Ranks estimated from data are uncertain and this poses a challenge in many applications. However, estimated ranks are deterministic functions of estimated parameters, so the uncertainty in the ranks must be determined by the uncertainty in the parameter estimates. We give a complete characterization of this relationship in terms of the linear extensions of a partial order determined by interval estimates of the parameters of interest. We then use this relationship to give a set estimator for the overall ranking, use its size to measure the uncertainty in a ranking, and give efficient algorithms for several questions of interest. We show that our set estimator is a valid confidence set and describe its relationship to a joint confidence set for ranks recently proposed by Klein, Wright \& Wieczorek. We apply our methods to both simulated and real data and make them available through the R package rankUncertainty.

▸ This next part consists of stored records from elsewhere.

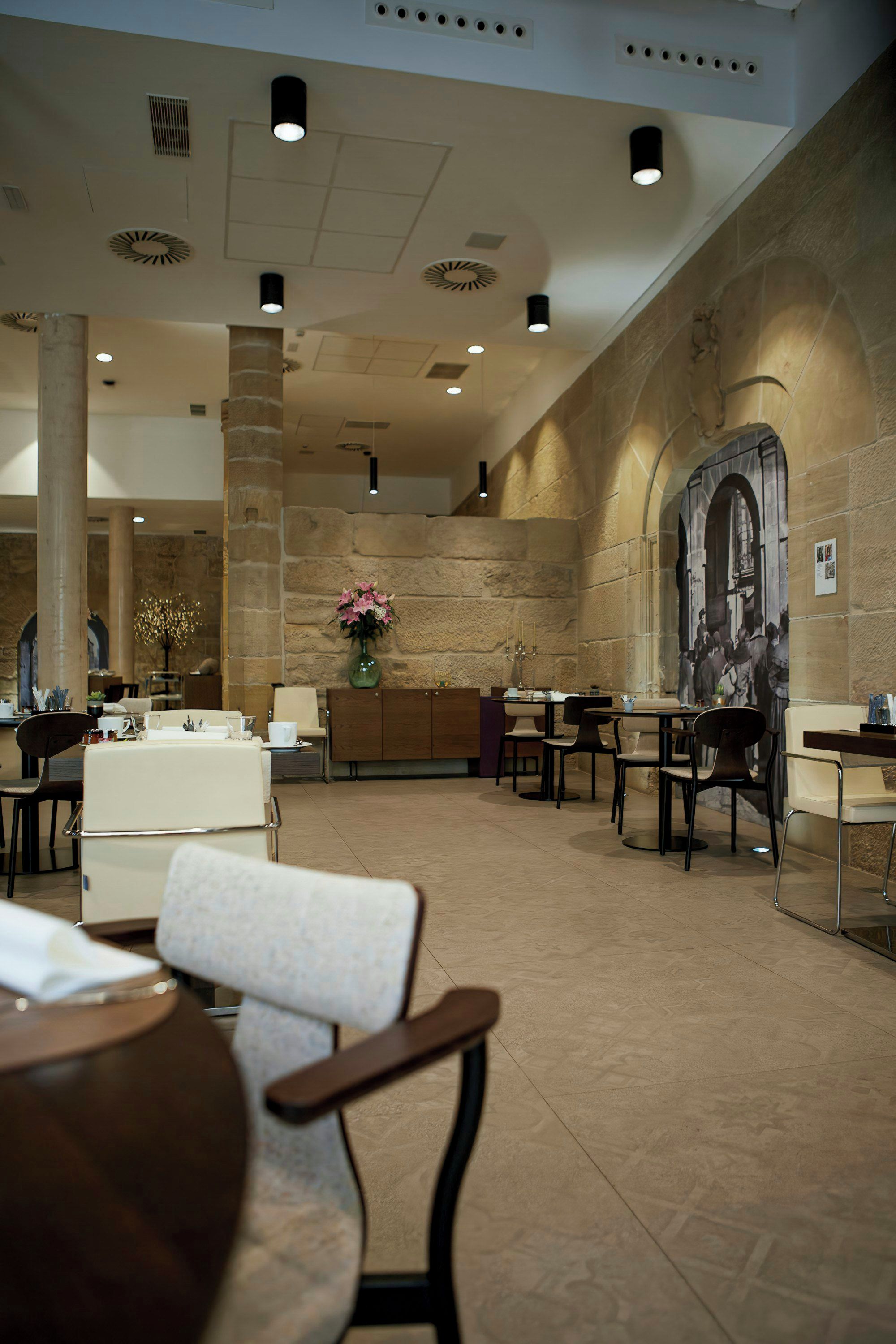 A spacious lobby with multiple seating areas, a central floral arrangement, and a large mural on the wall.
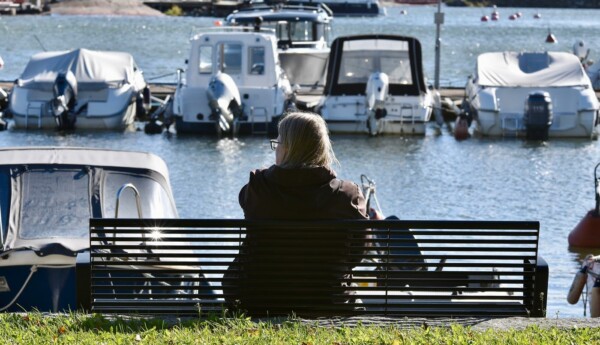 En person sitter på en bänk och blickar ut över en båthamn.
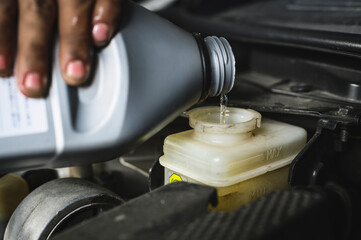 Auto mechanic adding brake fluid in brake fluid reservoir.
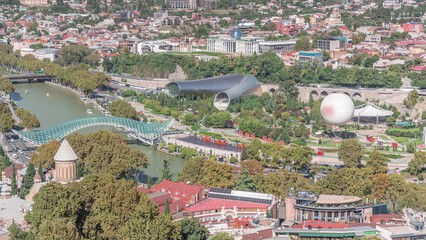 Aerial timelapse of Rike Park, a modern urban park in Tbilisi's Old Town with green trees and lawns. The Bridge of Peace in the background. Georgia © HyperlapsePro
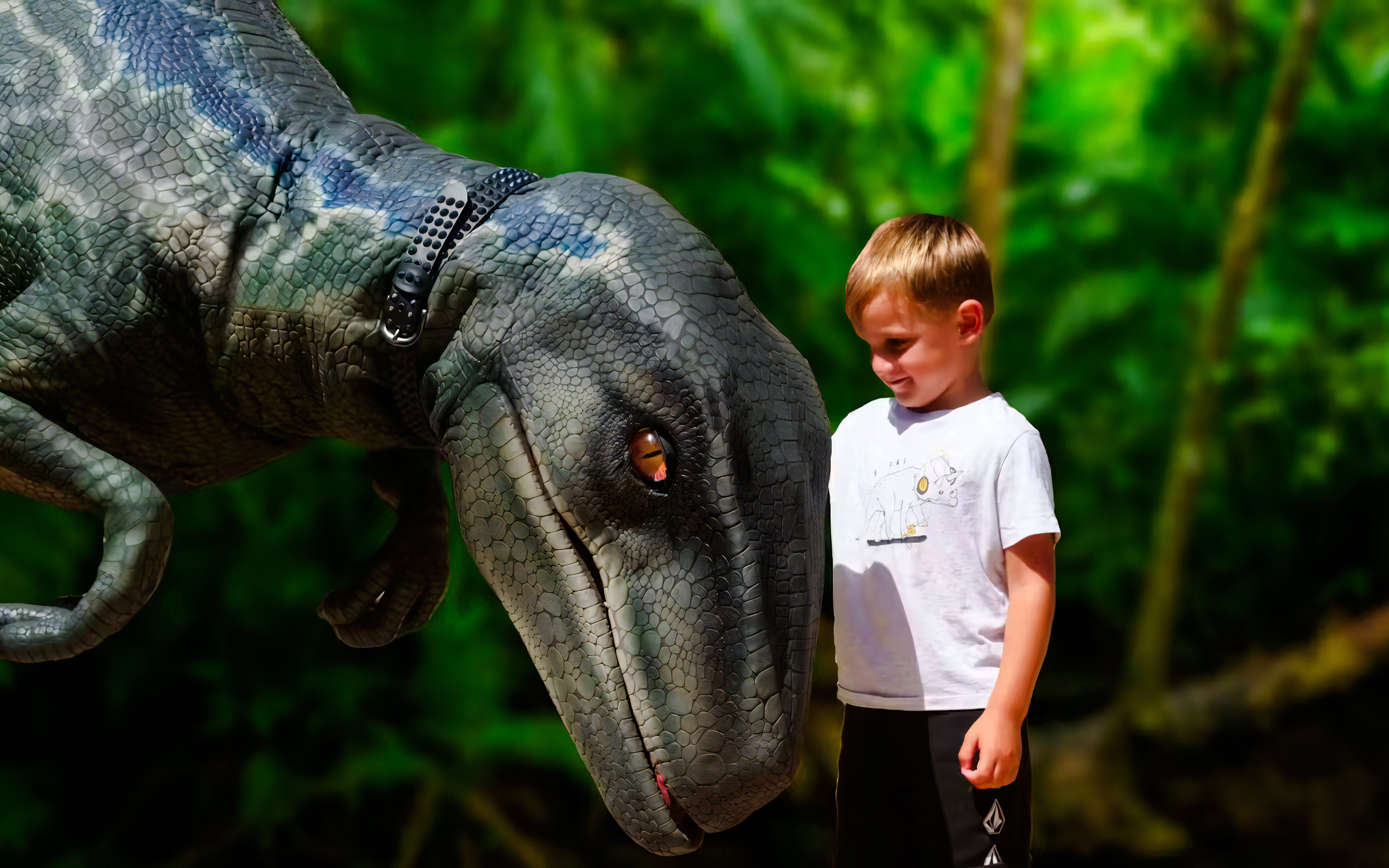 Child interacting with dinosaur model at Dinosaurland, Mallorca.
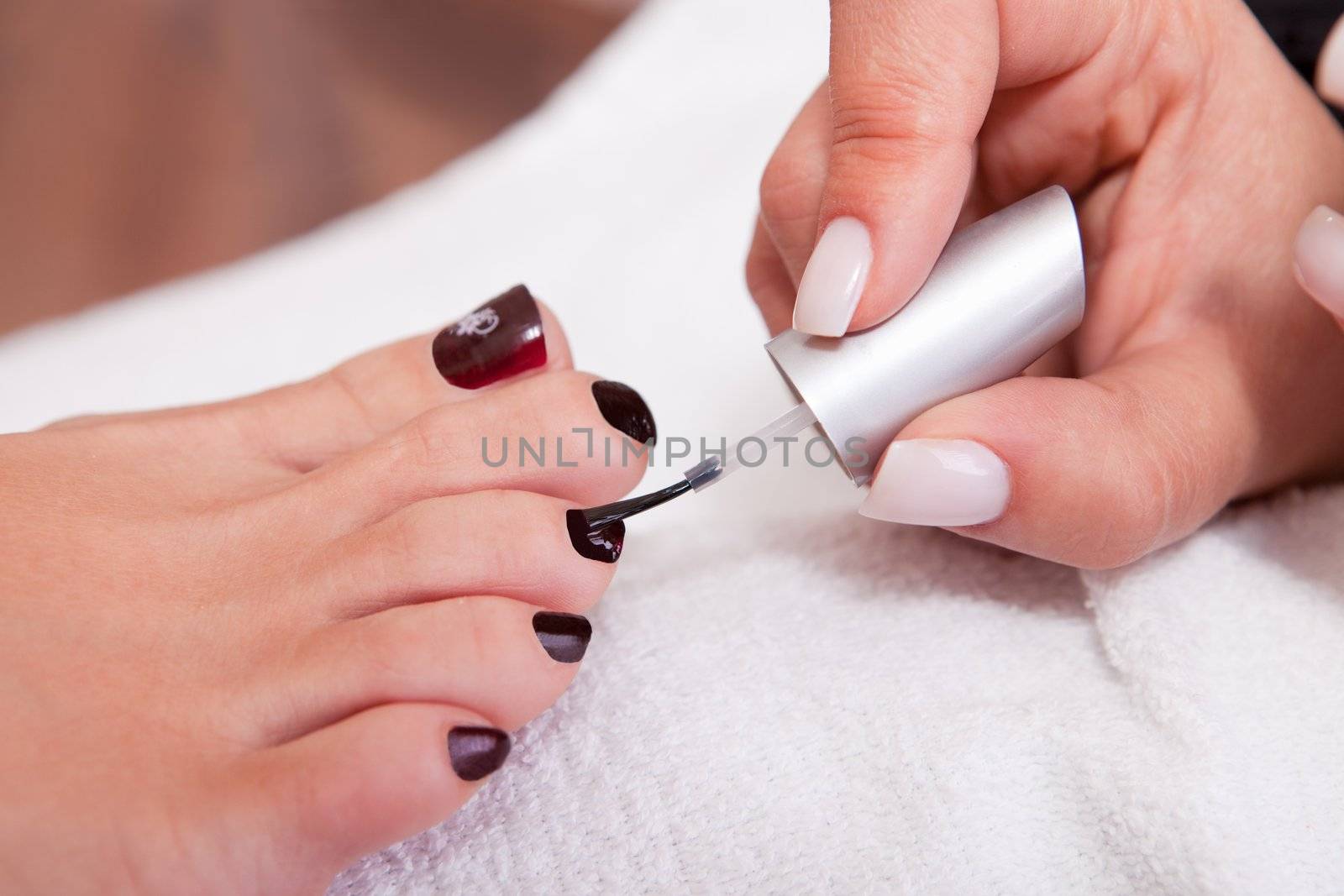 Beautician working on toenails. Spa studio shot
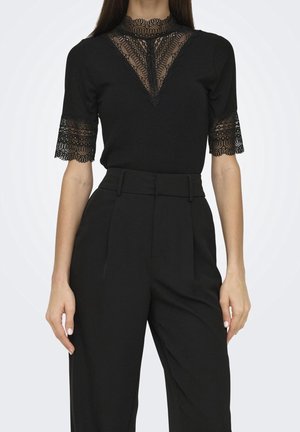 Femme portant un pantalon noir taille haute et un top noir à manches courtes avec des détails en dentelle sur l'encolure et les manches.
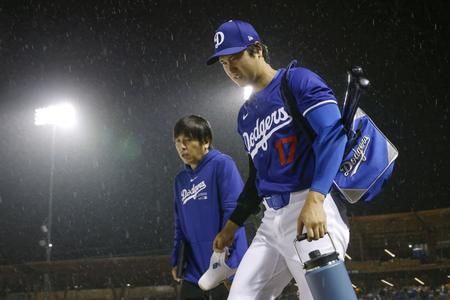 　雨の中引き揚げる大谷（手前）と水原通訳（提供・共同通信社）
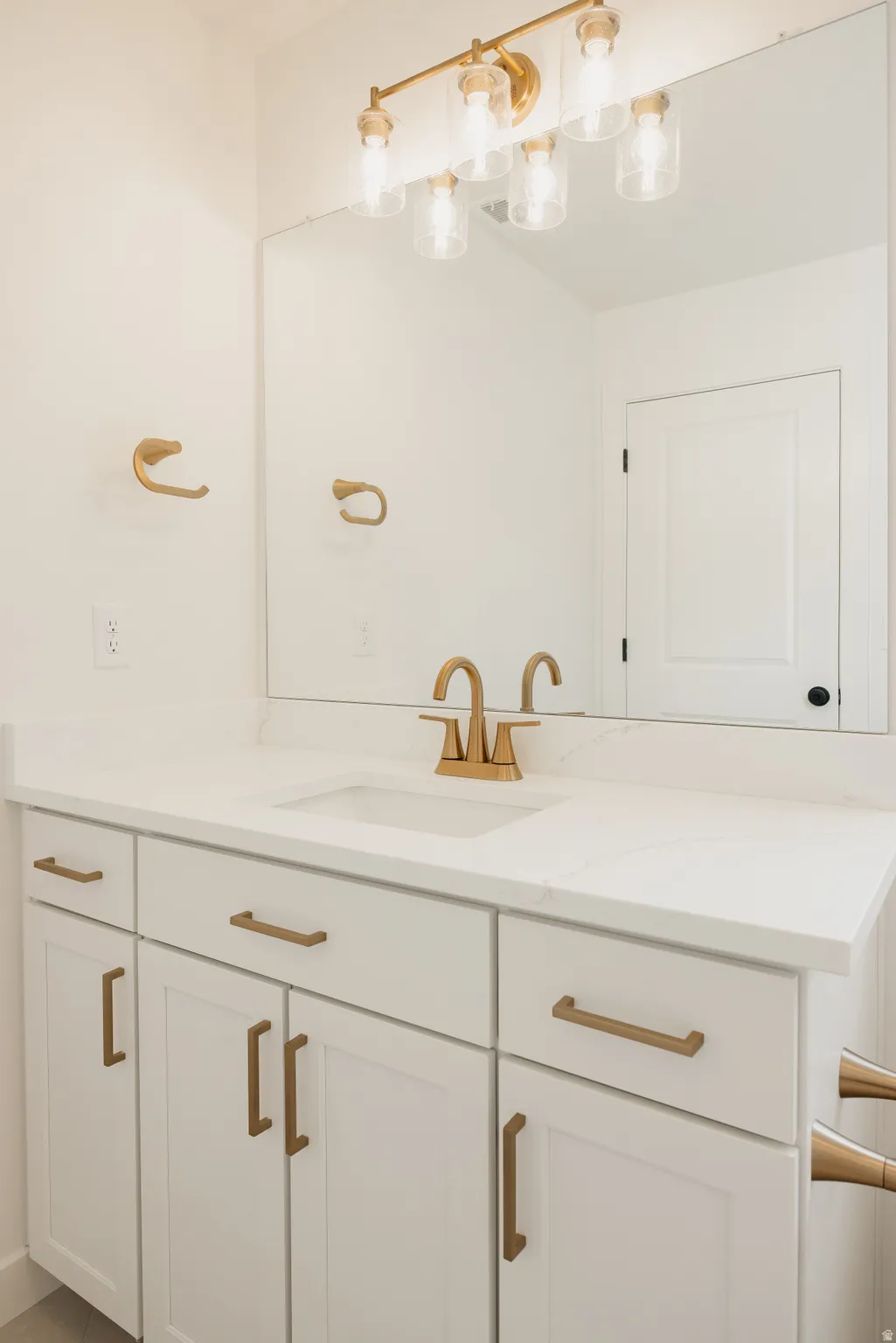White vanity with shaker-style cabinetry, white countertop, undermount sink, and brass-finish hardware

翻译：从数据中估计得出的排名具有不确定性，这给许多应用带来了挑战。然而，估计的排名是估计参数的确定性函数，因此排名中的不确定性必须由参数估计中的不确定性决定。我们以感兴趣参数的区间估计所确定的偏序的线性扩展为基础，给出了这种关系的完整刻画。然后，我们利用这种关系为整体排名提供了一个集合估计量，通过其大小来衡量排名中的不确定性，并针对若干感兴趣的问题给出了高效算法。我们证明了该集合估计量是一个有效的置信集，并描述了它与Klein, Wright & Wieczorek近期提出的排名联合置信集之间的关系。我们将我们的方法应用于模拟数据和真实数据，并通过R包rankUncertainty提供这些方法。